You may not have heard of Gennady Onishchenko, but if his own
accounts are to be believed, he’s the Russian government official who singlehandedly
averts major public health crises posed by foreign countries’ dangerously lax
and unsophisticated food safety standards (including those in a certain country where the federal government has ground to a halt). To others, Onishchenko,
Russia’s chief sanitary inspector, is also Russia’s chief manufacturer of elaborate food safety scares to wage geopolitically motivated
trade wars with other countries, particularly former Soviet
republics.
On Wednesday, Onishchenko, the director
of Rospotrebnadzor, Russia’s consumer-protection agency, announced a ban on 28 Georgian alcoholic products, a mere seven months after a 2006 ban on Georgian beverages was lifted. Earlier this week, he added
Lithuanian dairy products to the long list of (mostly) ex-Soviet state-made products that ostensibly pose threaten Russian
consumers. Further down on that list are Ukrainian chocolates, Moldovan wine, and — yes — meat from the United States. Notably, many of
these bans came on the heels of warming trade relations between the banned countries
and NATO or the European Union — moves that aren’t popular with the Kremlin, which is trying to strong-arm its neighbors into joining a Russian-led customs union.

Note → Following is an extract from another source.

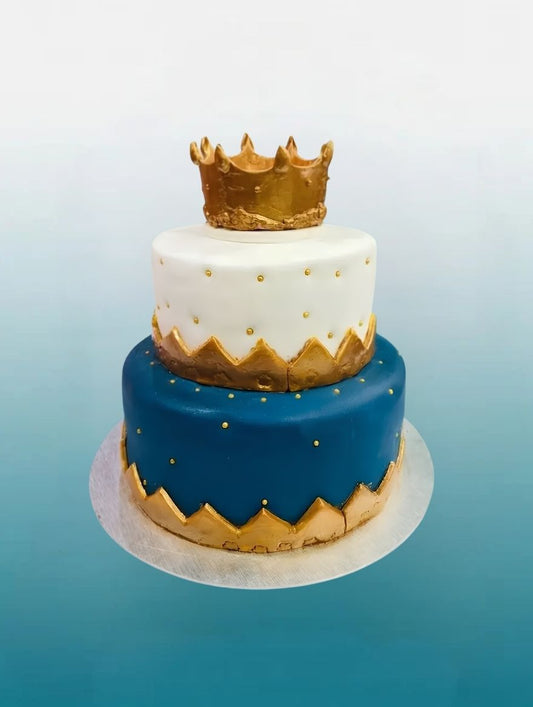 The Little Prince Royal Tiered Cake | Prince Birthday Cake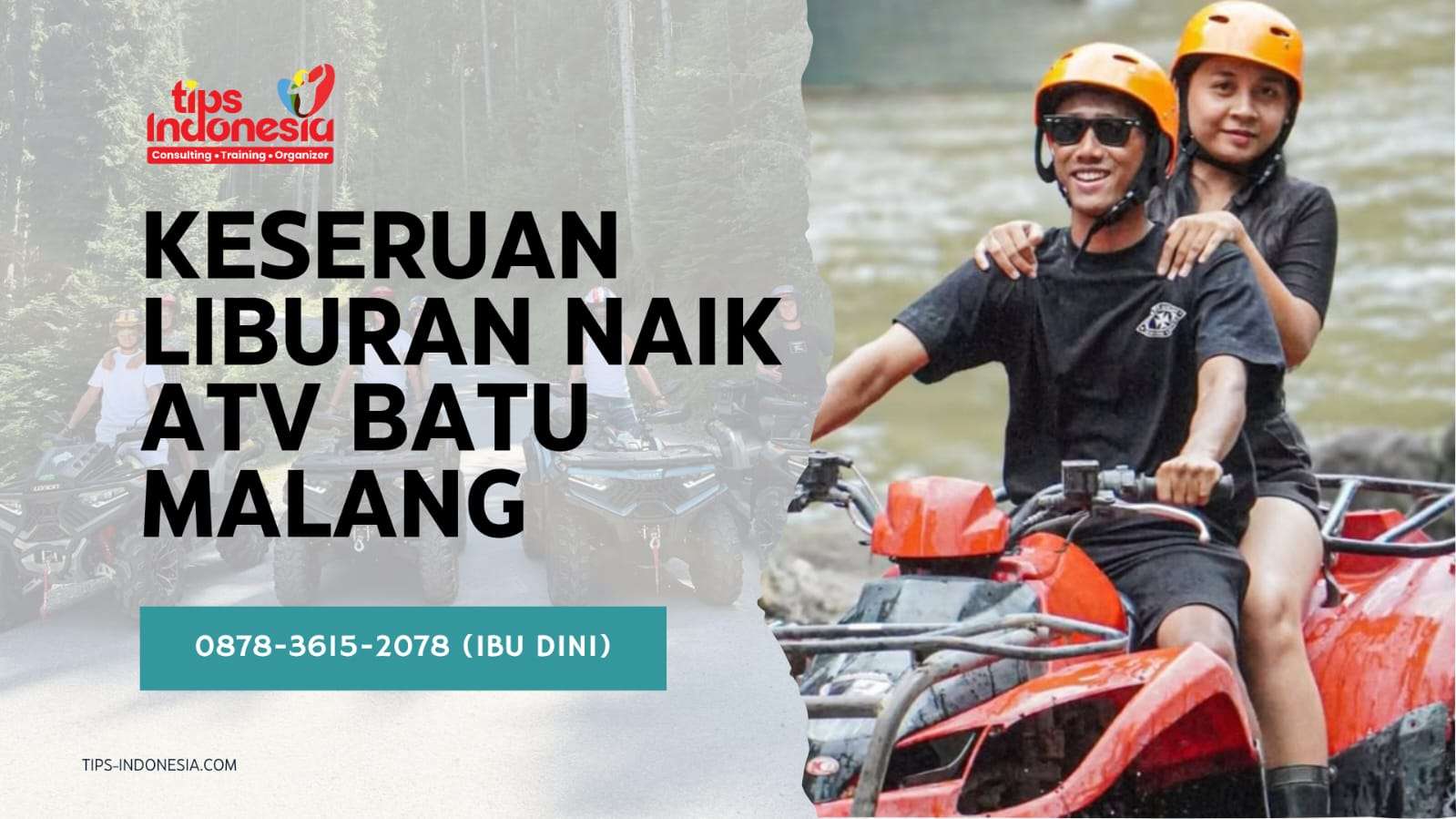 KESERUAN LIBURAN  NAIK ATV BATU MALANG | TIPS INDONESIA | 0878-3615-2078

Onishchenko feels strongly about the value of eating Russian
food — and only Russian food. At a press briefing earlier this year, he implored
Russians to suppress their hankering for foreign foods in favor of “food patriotism.”
“We put our faith in the high level
of consciousness and food patriotism of our citizens,
the ones who have long abandoned the use of such food
in their diet,” he said.
This “food patriotism” was undoubtedly at the root of Onischenko’s war on hamburgers last year, when he reminded Russians that hamburgers “are not a good choice of meal for residents of Moscow and of Russia. This is not our cuisine.”
Onishchenko has repeatedly denied
that his agency’s bans on foreign products are
politically motivated, but the circumstances surrounding the prohibitions suggest otherwise. Take the case of this year’s ban
on the Ukrainian confectionary company Roshen; Onishchenko was
supposedly concerned about carcinogens found in milk chocolate — but only in the
chocolate produced in Ukraine, not in the company’s two factory locations in other
countries. The ban also came in September, after a major dust-up
between Russia and Ukraine over gas pipelines and in the run-up to the Eastern Partnership Summit in November, where Ukraine
may
sign a free trade agreement with the EU. If Kiev signs the agreement,
the government will decline
membership in the Russian-led Eurasian customs union.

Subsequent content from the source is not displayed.